Blane Gaison

No. 34
- Position: Defensive back

Personal information
- Born: May 13, 1958 (age 67) Kaneohe, Hawaii, U.S.
- Listed height: 6 ft 1 in (1.85 m)
- Listed weight: 185 lb (84 kg)

Career information
- High school: Kamehameha Schools (Honolulu, Hawaii)
- College: Hawaii
- NFL draft: 1981: undrafted

Career history

Playing
- Atlanta Falcons (1981–1985);

Coaching
- Kamehameha–Kapalama (1989–1996) Head coach;

Operations
- Kamehameha–Kapalama (1989–1996) Associate athletics director; Kamehameha–Kapalama (1996–2012) Co-athletic director; Kamehameha Schools Maui (2012–2016) Athletic director; Interscholastic League of Honolulu (2015–present) Executive director;

Awards and highlights
- Hula Bowl MVP (1981);

Career NFL statistics
- Interceptions: 2
- Fumble recoveries: 3
- Touchdowns: 1
- Stats at Pro Football Reference

= Blane Gaison =

American football player (born 1958)

Blane Keith Gaison (born May 13, 1958) is an American former professional football player who was a defensive back for the Atlanta Falcons in the National Football League (NFL) from 1981 to 1985. He played college football for the Hawaii Rainbow Warriors.
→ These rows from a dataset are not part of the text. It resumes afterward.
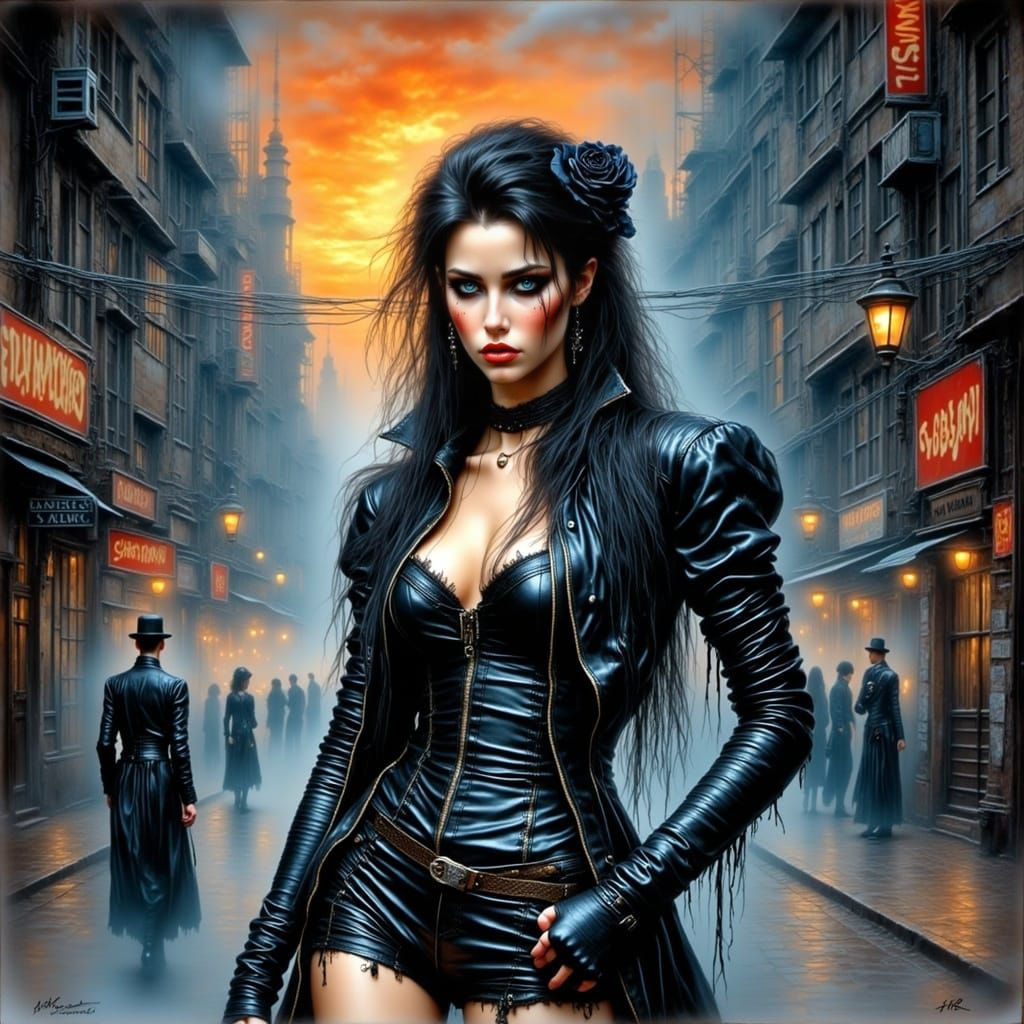 Cyberpunk Goddess in Zenless Zone Zero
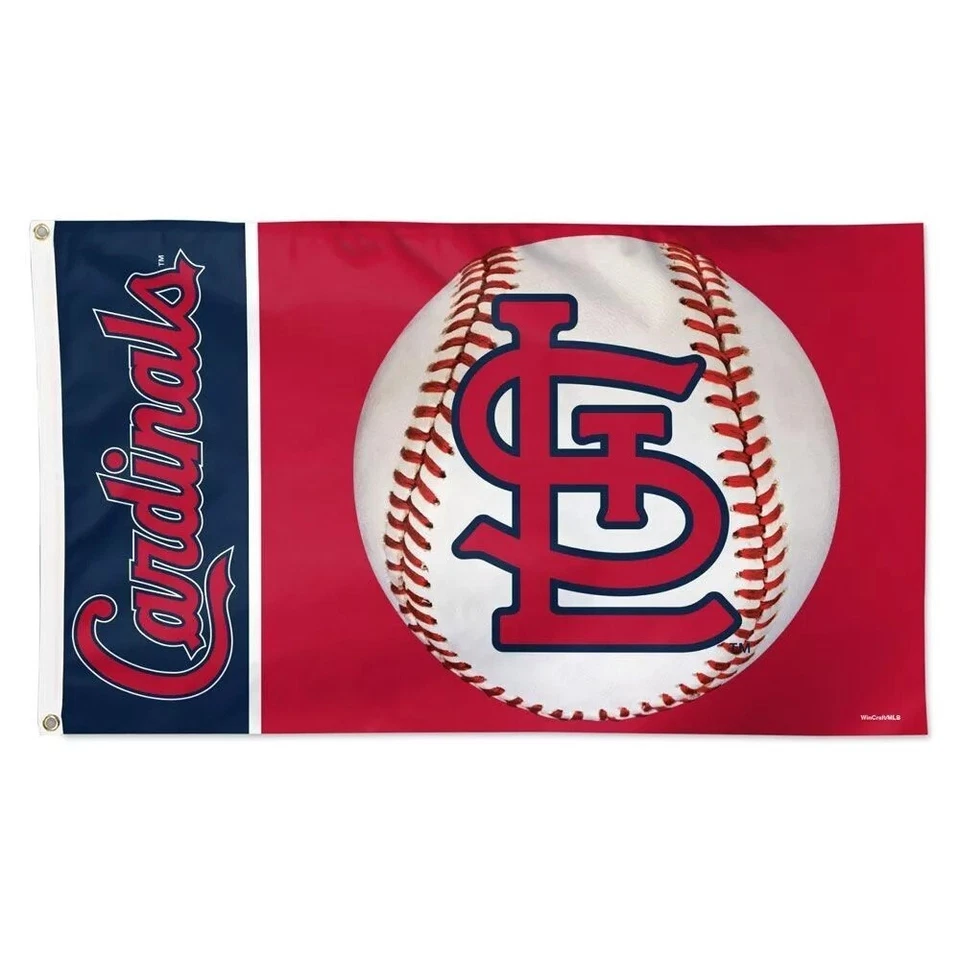 St. Louis Cardinals 3' x 5' Deluxe Baseball Logo Flag - Image 1 of 1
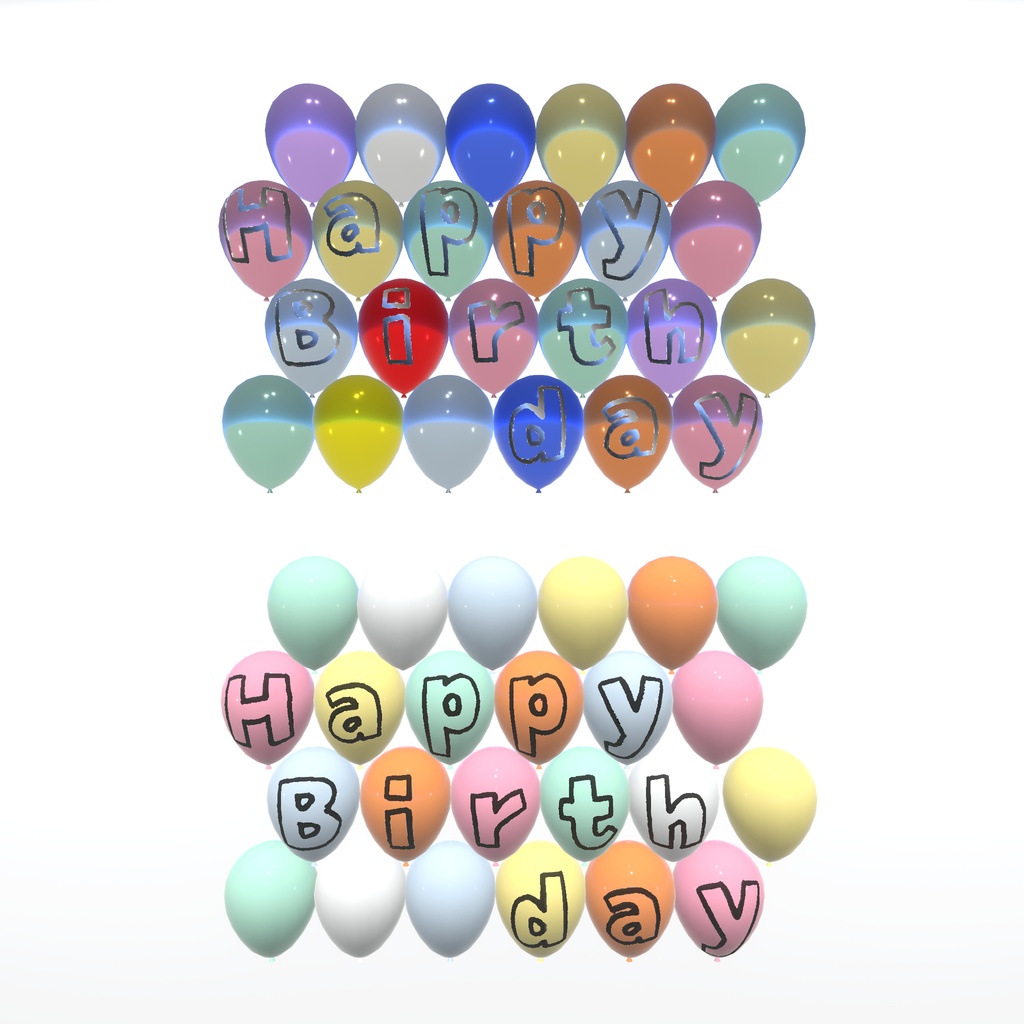 【VRChat想定】ひとりぼっち誕生日会(181点)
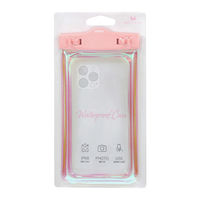 MOTTERU IP68取得で防塵・防水オーロラカラーシェルピンクのスマホ用防塵・防水ケース MOT-WPCAU-PK 1個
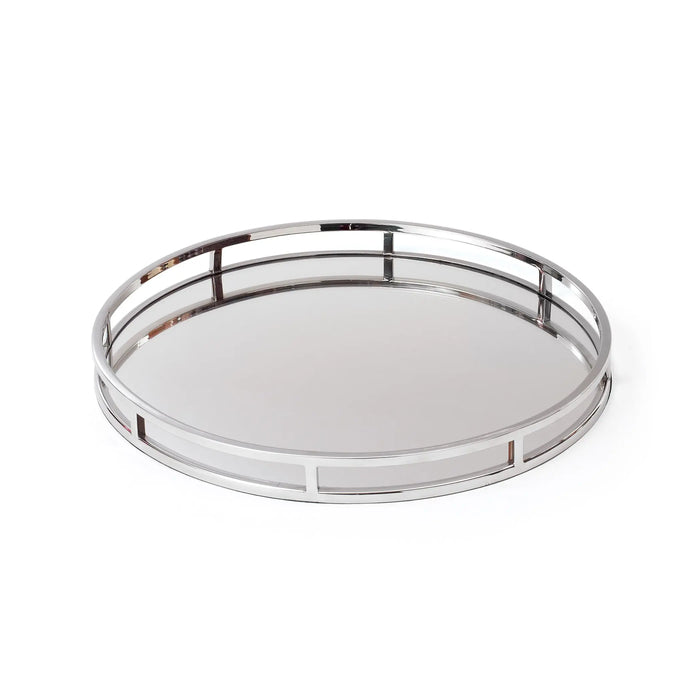 Silver Metal Round Tray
He played in the NFL at both the safety and cornerback positions.

==Early life==
Gaison was raised in Kaneohe, Hawaii on the windward side of Oahu. He attended the Kamehameha Schools in Honolulu, Hawaii and is a 1976 graduate. At Kamehameha, he was an All-State quarterback leading the Warrior football team to consecutive state titles in 1974 and 1975 also known as the Oahu Prep Bowl and Interscholastic League of Honolulu championship games.

==University of Hawaii==
Blane Gaison played college football at University of Hawaiʻi at Mānoa from 1976 to 1980, starting at quarterback and defensive back. He was the University of Hawaii's Most Valuable Player in 1979 and 1980 and was included on the University of Hawaii Centurion's list with the description, "Steering the defense from his safety position, Gaison was a coach on the field. Number 11's intelligence and versatility provided Rainbow Warriors fans with some of their greatest memories. He received All America, All Western Athletic Conference and Academic All Western Athletic Conference honors in 1979 and 1980. Gaison was also recognized with Most Valuable Player honors at the 1981 Hula Bowl along with Kenny Easley. He was inducted into the University of Hawaii's Circle of Honor in 1999.

==Professional career==
In the 1981 NFL draft, Gaison was picked by the Atlanta Falcons where he played in the defensive secondary as a safety and cornerback. He became close friends with teammates Steve Bartkowski, Bob Glazebrook, Billy "White Shoes" Johnson, and June Jones.

==Career in education==
Gaison's Bachelor's degree is in Pre-Law with a minor in Secondary Education. Gaison is a recipient of the National Federation of High Schools (NFHS) Citation Award as well as the National Interscholastic Athletic Administrators Association (NIAAA) Distinguished Service Award for his contribution and services to high school athletics on the state, local and national levels.

== Administrative career ==
After his retirement from professional football, Gaison was named the head football coach and associate athletics director at his alma mater Kamehameha Schools–Kapalama in 1989 and served as the football coach until 1996 when he was promoted to co-athletic director. He served in this role for 16 years before being named the sole athletic director at Kamehameha Schools' Maui campus in 2012. He was named the executive director of the Interscholastic League of Honolulu in 2015.

==Family==
Blane Gaison is married to Donnalei, and the couple have four children: Pilialoha, Kapulani, Iokepa and Kona.